## EXERCISE DIRECTIONS
Exactly as written, return all the data, leaving its pictures behind.

## GIVEN INFORMATION
· · · · ·
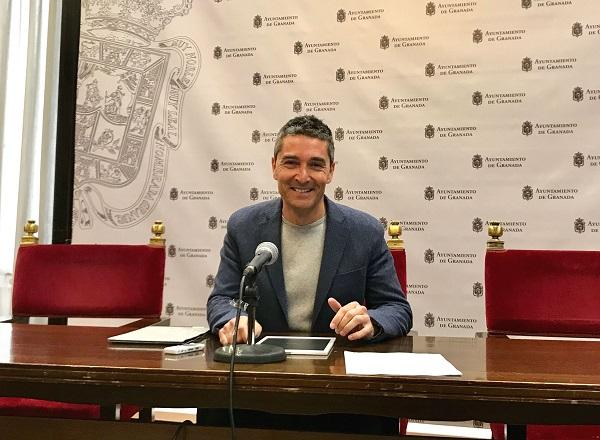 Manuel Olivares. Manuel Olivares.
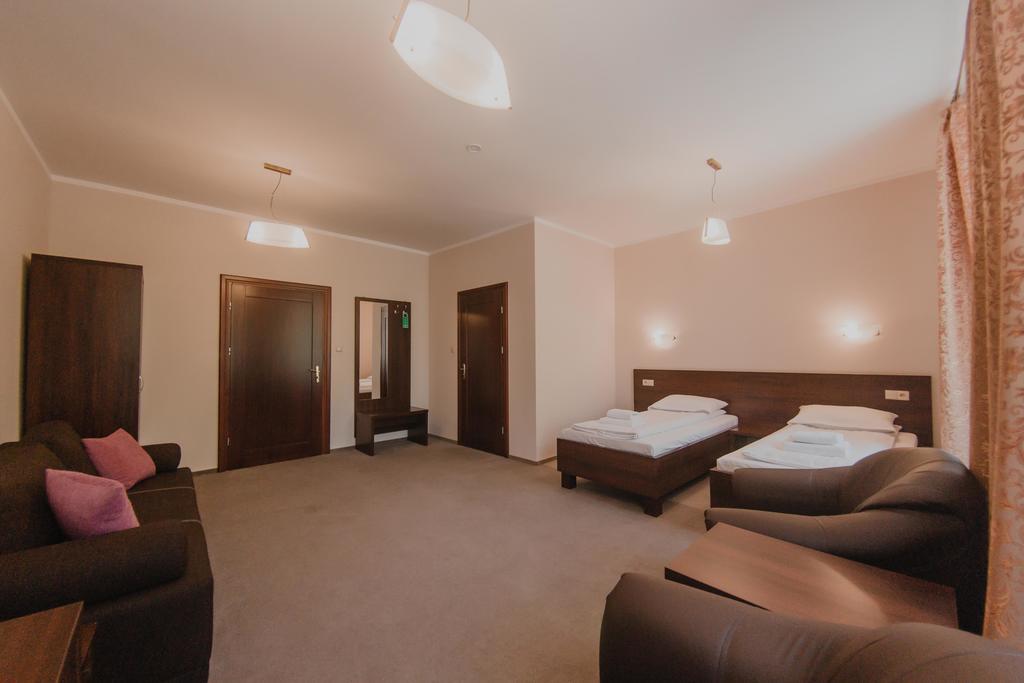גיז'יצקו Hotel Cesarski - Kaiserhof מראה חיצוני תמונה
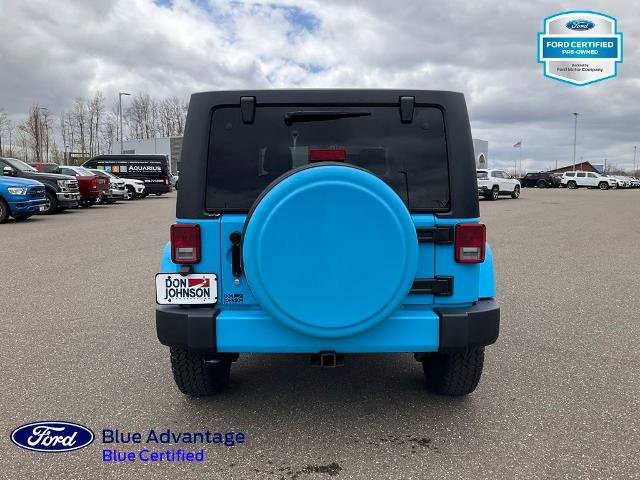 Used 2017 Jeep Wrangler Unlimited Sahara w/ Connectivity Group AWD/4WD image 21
· · · · ·
## SOLVED EXERCISE
 Manuel Olivares. Manuel Olivares.
גיז'יצקו Hotel Cesarski - Kaiserhof מראה חיצוני תמונה
 Used 2017 Jeep Wrangler Unlimited Sahara w/ Connectivity Group AWD/4WD image 21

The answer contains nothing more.